• FYI

    25 November 2018

    Ketakutan di Guan Hien, Tukang Becak ini Pilih Kabur Tanpa Dibayar!


    Komplek pabrik Guan Hien di Jl. A. Yani Ciamis adalah salah satu di antara bangunan-bangunan peninggalan tempo doeloe yang masih tersisa di kota Ciamis.

    Bangunan-bangunan tersebut merupakan saksi sejarah pernah berdirinya sebuah perusahaan penghasil minyak kelapa terbesar di Kota Manis, yang sempat bertahan dan berjaya selama puluhan tahun, hingga akhirnya gulung tikar karena tak kuat melawan persaingan dan tantangan jaman.

    Sebagai komplek bangunan tua yang berdiri sejak tahun 1925 di masa kolonial Belanda, Guan Hien menyimpan banyak kisah suka duka dan berbagai bumbu cerita yang melengkapinya. Tentu saja, berbagai kisah mistis ada terselip di dalamnya.

    Bagi Aan, sebut saja demikian namanya, cerita berbau supranatural dan bahkan horor di komplek Guan Hien bukanlah hal yang aneh lagi. Maklum, ia memang dilahirkan dan mengalami masa kecil hingga remaja di komplek tersebut.

    Ayahnya bekerja dan tinggal di Guan Hien. Bersama beberapa keluarga pegawai lain, mereka menempati rumah-rumah bedeng di bagian belakang areal komplek tersebut.

    “Tapi waktu saya tinggal di situ mah, balageur (baik-baik) para ‘penghuni’ Guan Hien teh,” ungkapnya pada CIAMIS.info, “asal kitanya jangan takabur!”
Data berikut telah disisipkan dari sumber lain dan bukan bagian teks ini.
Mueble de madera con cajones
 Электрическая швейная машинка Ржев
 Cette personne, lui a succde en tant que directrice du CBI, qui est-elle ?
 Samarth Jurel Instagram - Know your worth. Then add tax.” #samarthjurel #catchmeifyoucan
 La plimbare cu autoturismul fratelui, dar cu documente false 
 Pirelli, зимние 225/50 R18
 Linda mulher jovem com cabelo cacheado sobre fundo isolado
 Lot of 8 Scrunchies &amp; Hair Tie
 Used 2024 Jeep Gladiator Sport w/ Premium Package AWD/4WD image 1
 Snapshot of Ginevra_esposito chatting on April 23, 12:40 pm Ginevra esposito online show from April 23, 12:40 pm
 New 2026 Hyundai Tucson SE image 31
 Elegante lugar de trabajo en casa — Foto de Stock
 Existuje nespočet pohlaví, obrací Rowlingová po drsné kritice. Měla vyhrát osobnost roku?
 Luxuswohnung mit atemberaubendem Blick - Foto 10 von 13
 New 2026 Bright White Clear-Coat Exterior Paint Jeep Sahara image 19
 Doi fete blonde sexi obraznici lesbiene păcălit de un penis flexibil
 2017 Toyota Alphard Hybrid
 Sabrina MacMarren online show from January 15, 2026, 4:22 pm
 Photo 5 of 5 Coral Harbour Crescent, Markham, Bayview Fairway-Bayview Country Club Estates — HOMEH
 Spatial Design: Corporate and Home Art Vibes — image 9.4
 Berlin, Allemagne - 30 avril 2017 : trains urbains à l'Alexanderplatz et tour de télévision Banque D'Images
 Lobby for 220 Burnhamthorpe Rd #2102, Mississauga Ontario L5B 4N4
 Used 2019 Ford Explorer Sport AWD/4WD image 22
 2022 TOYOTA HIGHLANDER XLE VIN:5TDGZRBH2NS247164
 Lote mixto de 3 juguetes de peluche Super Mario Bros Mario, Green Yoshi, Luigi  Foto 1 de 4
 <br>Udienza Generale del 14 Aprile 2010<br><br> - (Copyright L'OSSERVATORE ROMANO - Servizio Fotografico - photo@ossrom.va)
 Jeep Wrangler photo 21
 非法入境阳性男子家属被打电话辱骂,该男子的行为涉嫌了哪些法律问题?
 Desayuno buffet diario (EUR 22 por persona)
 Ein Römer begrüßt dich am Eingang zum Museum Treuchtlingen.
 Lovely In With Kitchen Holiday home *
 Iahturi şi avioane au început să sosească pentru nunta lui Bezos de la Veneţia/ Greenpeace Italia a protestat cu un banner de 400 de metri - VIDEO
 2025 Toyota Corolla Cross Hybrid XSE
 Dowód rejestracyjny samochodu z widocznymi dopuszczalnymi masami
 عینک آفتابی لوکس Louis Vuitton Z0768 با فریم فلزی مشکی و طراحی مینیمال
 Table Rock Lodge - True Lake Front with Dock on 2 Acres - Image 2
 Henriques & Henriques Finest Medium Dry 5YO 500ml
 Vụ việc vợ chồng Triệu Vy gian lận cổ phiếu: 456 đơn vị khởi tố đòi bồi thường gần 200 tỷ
    Kalau hanya berupa penampakan makhluk halus, menurut Aan sudah sangat biasa terjadi. Kompleks seluas lebih kurang lima hektar tersebut menyimpan banyak cerita. Tetapi, baginya ada satu kisah yang amat berkesan, karena dialami langsung oleh ibunya. Peristiwanya sendiri terjadi puluhan tahun yang lampau.

    Ibunya terbiasa membeli beras di pasar dalam jumlah banyak, maksudnya biar sekalian dan cukup untuk waktu yang agak lama. Seingat Aan, beras yang dibeli biasanya yang sekarung isi 50 kilogram.

    Suatu hari, ibunya membeli beras seperti biasa di pasar. Sayangnya, tukang becak langganan yang biasa mengantarkannya pulang ternyata tidak nampak. Terpaksa, ia akhirnya menggunakan jasa tukang becak yang lain.

    Perjalanan pulang berjalan dengan lancar pada awalnya. Sesampai di depan Guan Hien, tukang becak tersebut bertanya, “Sebelah mana ya, Bu?”

    “Ke sana, Mang, ke dalam,” jawab Ibunya Aan.

    Tukang becak tersebut menurut. Becak bergerak menyusuri jalan melipir yang menanjak, menuju ke arah bedeng di bagian belakang pabrik Guan Hien.

    Tetapi, wajah Si Emang tukang becak mulai tampak tegang, sesekali malah culang-cileung (celingak-celinguk) menengok ke sana kemari. Baru beberapa meter, tukang becak tersebut sudah bertanya lagi, “sebelah mana?”

    Ibunya Aan kembali menunjukkan arah ke belakang.

    “Ini betul, Bu, jalannya ke sini?”
    Leres (betul), Mang. Kenapa? Sieun (Takut)?”

    Henteu (tidak),” jawab tukang becak tersebut, dilanjutkan bertanya —seolah tak percaya, ”Ibu betul tinggal di sini?”

    Ibunya Aan tersenyum, paham bahwa Si Emang tukang becak tersebut takut.

    “Udah, Mang, di sini.”
    Mangga (baik), Bu.”

    Baru saja Ibunya Aan keluar dari becak, lantas karung beras pun ikut diturunkan, tiba-tiba saja Si Emang tukang becak langsung balik kanan dan secepat kilat ngibrit melarikan becaknya menjauhi bedeng.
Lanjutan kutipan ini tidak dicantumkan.